Он ответил себе, что местных обычаев не знает. А поскольку он не устал, его не тревожило, что у него пока нет пристанища на ночь. И все-таки он очень спешил добраться до того окна - как если бы оно имело для него какой-то особый смысл.
И вот он уже стоит перед фасадом столь притягательного для него дома. Мерцающее окно - на третьем этаже. Он смотрит вверх. Преломленный занавесками свет намекает на уютную комнату... домовитую самодостаточность... тепло; но вместе с тем - и на чью-то покинутость, на уединенность чьей-то жизни.
«За окном - только один человек. В этом есть что-то похожее на мою ситуацию. Я его не знаю. Он меня не знает. Я мог бы к нему подняться...»
Матье, запрокинув голову, разглядывал утешительный четырехугольник на лице дома, которое без этого светлого пятна было бы лишенным выражения, мертвым. В нем, Матье, проснулись тоска, желание человеческой близости, нетерпение, решимость: решимость вторгнуться в дом, навязать себя первому человеку из этого города, на след которого он напал, познакомиться с ним.

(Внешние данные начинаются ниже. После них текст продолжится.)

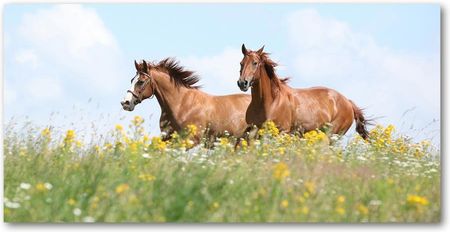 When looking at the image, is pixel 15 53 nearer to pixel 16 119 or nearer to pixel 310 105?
pixel 16 119

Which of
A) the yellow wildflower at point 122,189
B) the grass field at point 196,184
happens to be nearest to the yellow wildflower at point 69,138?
the grass field at point 196,184

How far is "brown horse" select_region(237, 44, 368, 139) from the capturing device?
28.0 ft

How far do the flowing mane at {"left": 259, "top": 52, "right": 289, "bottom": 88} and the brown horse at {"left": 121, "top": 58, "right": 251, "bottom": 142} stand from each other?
1.02 m

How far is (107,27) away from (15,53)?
34.1 inches

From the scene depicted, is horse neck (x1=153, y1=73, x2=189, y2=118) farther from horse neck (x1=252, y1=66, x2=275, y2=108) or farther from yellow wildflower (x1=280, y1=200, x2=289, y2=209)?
yellow wildflower (x1=280, y1=200, x2=289, y2=209)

Все воспоминания, привезенные из других городов, похоже, его покинули. Он сознавал теперь только себя, только ощущения этих мгновений. Живая жизнь - вот все, что он чувствовал под одеждой, да и то совсем неотчетливо: толика тепла, какой-то бессмысленный порыв... Ничто, казалось, не соответствовало его смутному влечению - зеркальной тени, отбрасываемой им самим.
Он сказал вслух:
- Переживания жителей этого города не имеют ничего общего с моими. - И, помолчав, добавил. - Мы ходим по улицам, пока наша любовь не испортится.
С тем и шагнул к двери, решившись нажать на ручку и - силой ли, хитростью ли - проникнуть внутрь.
В то же мгновение окно погасло: стало таким же черным, как прочие окна на этом фасаде и еще тысячи - вдоль нескончаемого бульвара. Одновременно с окном погасли и уличные фонари; точнее, внутри них что-то еще теплилось, но света они почти не давали. Казалось, на город опустилась пелена черного дыма.
Матье сразу отказался от намерения войти в дом. В первую минуту он в самом деле ничего не мог разглядеть.
- Нынешней ночью это было последнее светлое окно в городе. Теперь нужды в уличном освещении нет. Город транжирил свет, пока хоть один человек давал понять, что еще не спит. Все, кто не спит и сейчас, сидят в темноте, или за черными ставнями, или в подвалах без окон.